→ **Exercise**
Starting at the first line of the entries, extract each line up to and including the one that contains "Party General Secretary", but leave out the pictures.

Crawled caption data
--------------------------------------------------
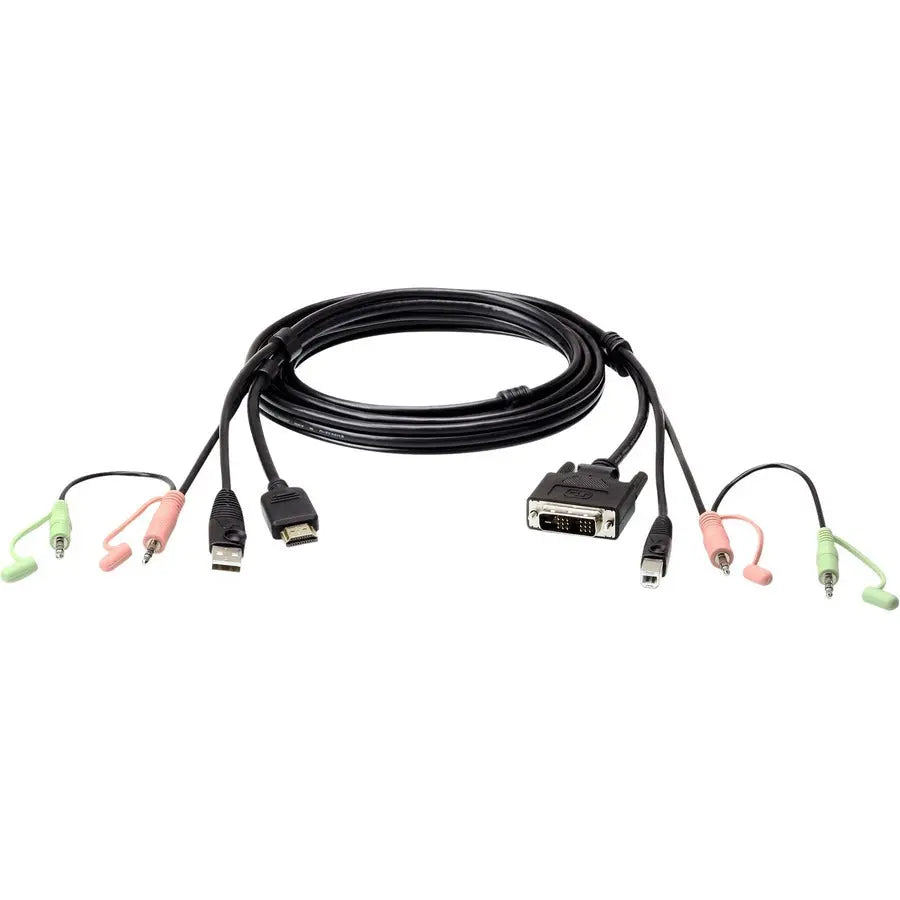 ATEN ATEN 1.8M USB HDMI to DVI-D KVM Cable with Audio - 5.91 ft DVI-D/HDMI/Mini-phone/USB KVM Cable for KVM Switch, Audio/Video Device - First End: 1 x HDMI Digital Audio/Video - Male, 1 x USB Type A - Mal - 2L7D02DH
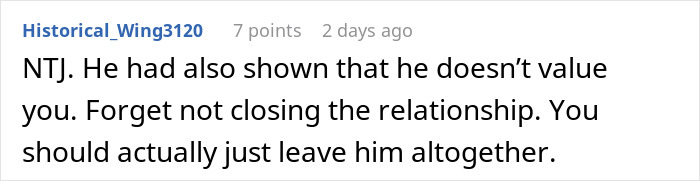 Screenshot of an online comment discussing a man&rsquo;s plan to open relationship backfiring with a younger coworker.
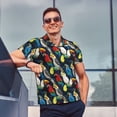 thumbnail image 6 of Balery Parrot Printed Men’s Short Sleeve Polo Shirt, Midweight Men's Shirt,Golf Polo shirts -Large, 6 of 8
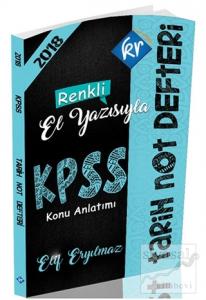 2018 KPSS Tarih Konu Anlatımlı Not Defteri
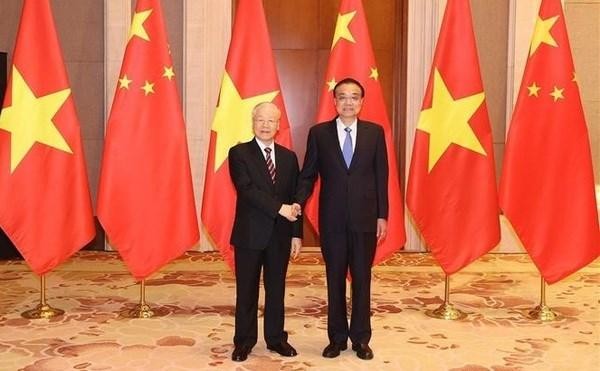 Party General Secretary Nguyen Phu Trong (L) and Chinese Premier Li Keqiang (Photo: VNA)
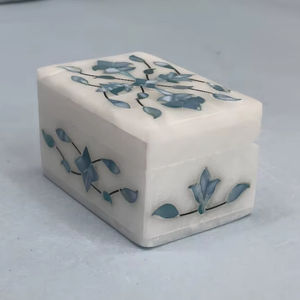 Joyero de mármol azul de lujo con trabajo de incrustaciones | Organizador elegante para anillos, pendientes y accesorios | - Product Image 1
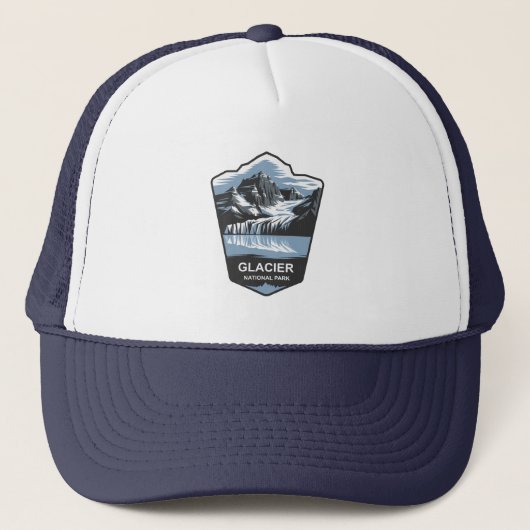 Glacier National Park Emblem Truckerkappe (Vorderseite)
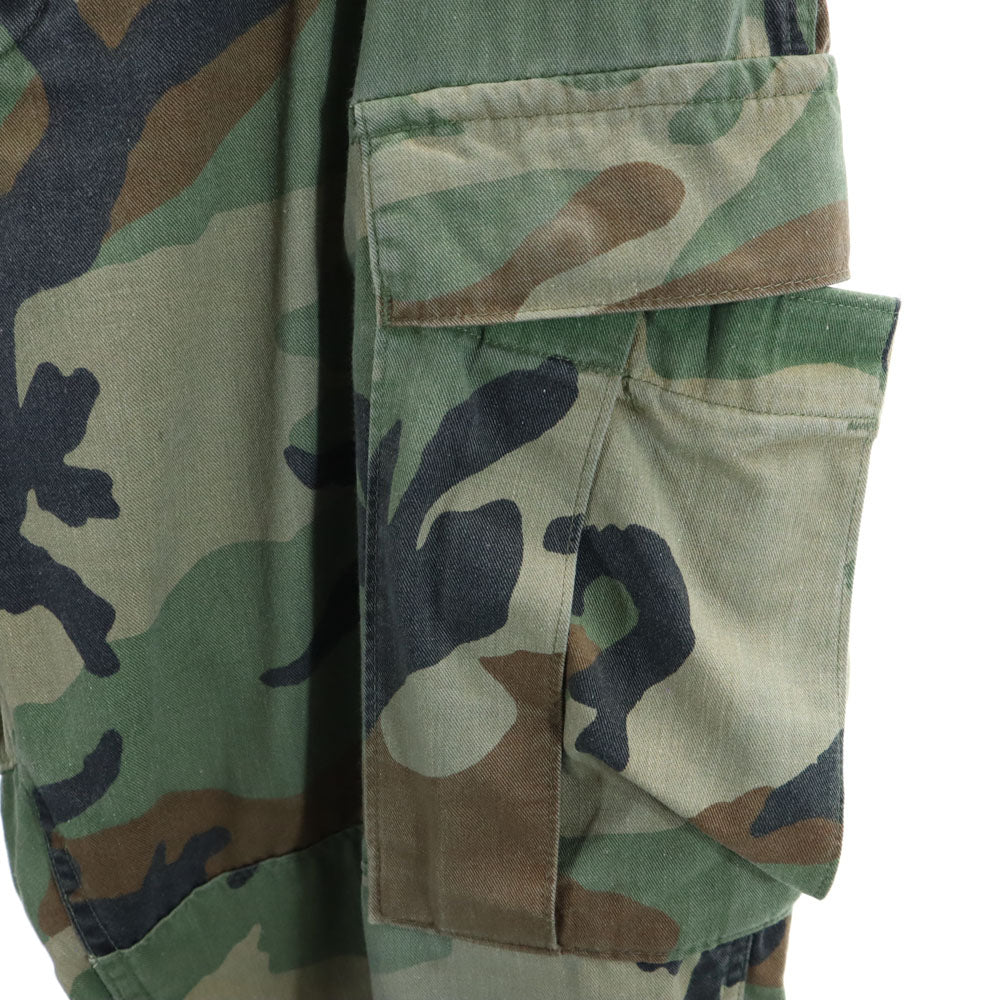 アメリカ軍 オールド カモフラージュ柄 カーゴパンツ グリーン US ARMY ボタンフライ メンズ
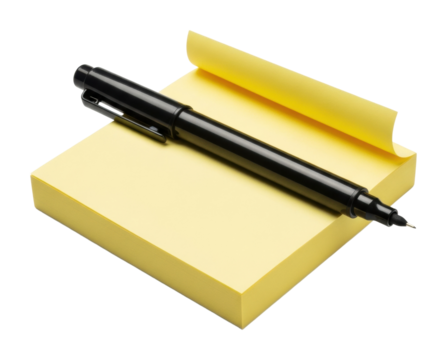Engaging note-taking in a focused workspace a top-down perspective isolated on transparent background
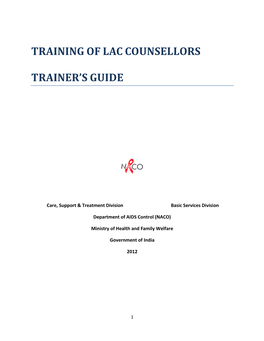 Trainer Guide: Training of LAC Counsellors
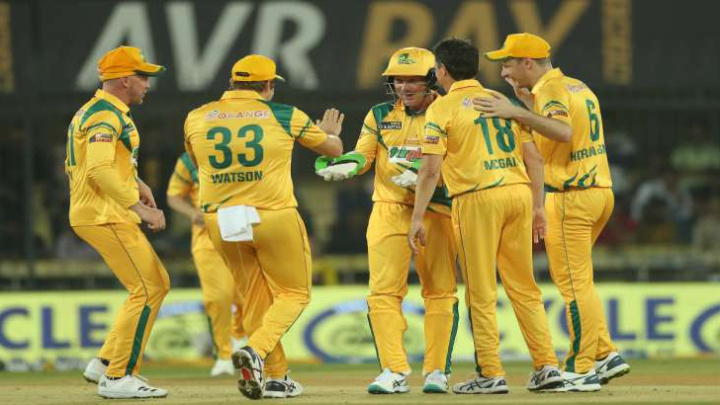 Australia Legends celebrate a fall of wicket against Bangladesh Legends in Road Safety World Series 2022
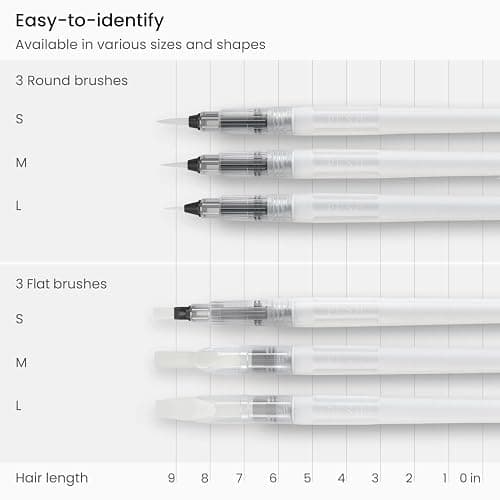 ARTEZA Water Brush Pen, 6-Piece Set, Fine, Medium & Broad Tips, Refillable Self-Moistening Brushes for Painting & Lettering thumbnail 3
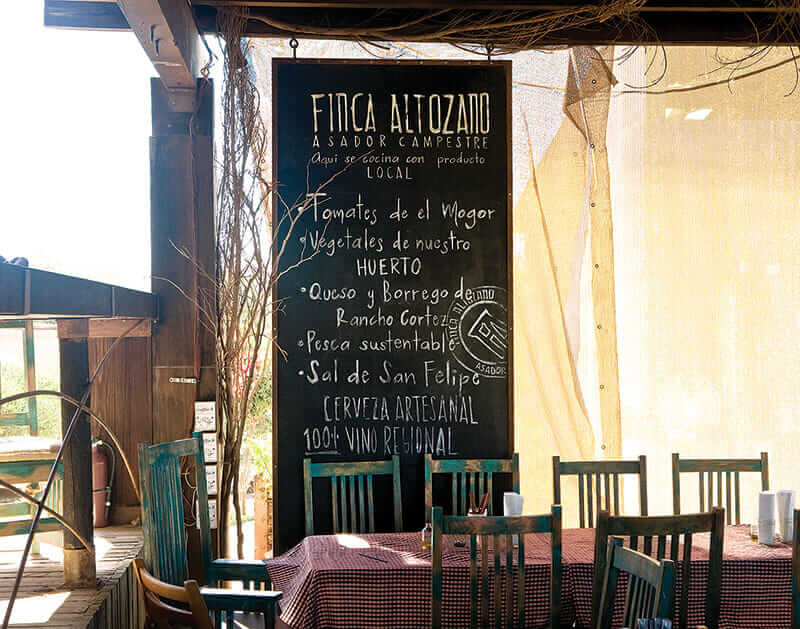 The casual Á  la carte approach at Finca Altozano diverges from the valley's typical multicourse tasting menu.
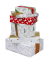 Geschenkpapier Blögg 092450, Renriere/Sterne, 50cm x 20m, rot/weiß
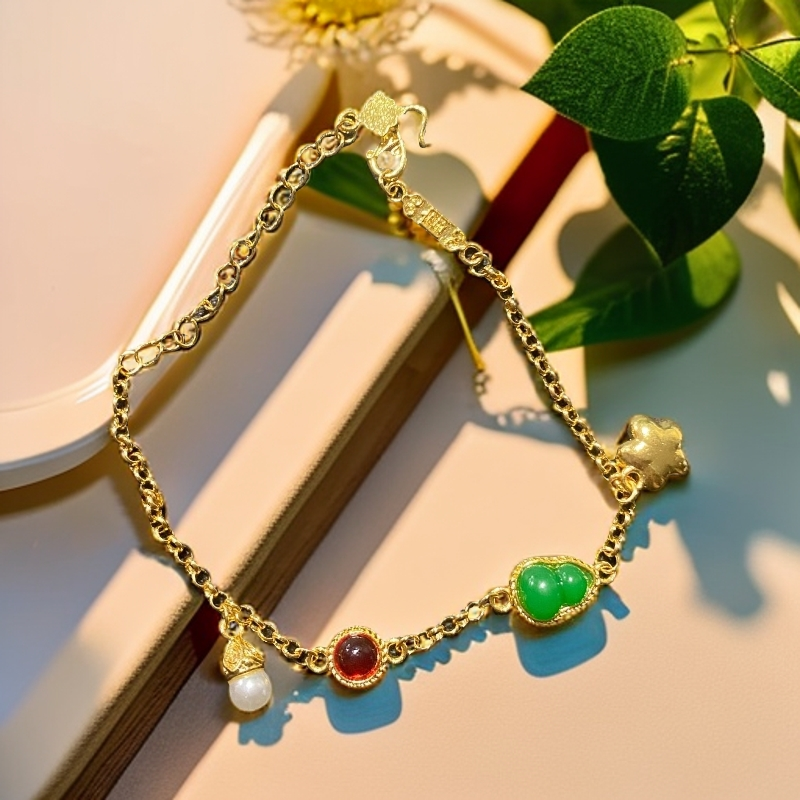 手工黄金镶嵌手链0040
--------------------------------------------------
→ **Answer to this exercise**
 ATEN ATEN 1.8M USB HDMI to DVI-D KVM Cable with Audio - 5.91 ft DVI-D/HDMI/Mini-phone/USB KVM Cable for KVM Switch, Audio/Video Device - First End: 1 x HDMI Digital Audio/Video - Male, 1 x USB Type A - Mal - 2L7D02DH
 Screenshot of an online comment discussing a man&rsquo;s plan to open relationship backfiring with a younger coworker.
 thumbnail image 6 of Balery Parrot Printed Men’s Short Sleeve Polo Shirt, Midweight Men's Shirt,Golf Polo shirts -Large, 6 of 8
 2018 KPSS Tarih Konu Anlatımlı Not Defteri
 Party General Secretary Nguyen Phu Trong (L) and Chinese Premier Li Keqiang (Photo: VNA)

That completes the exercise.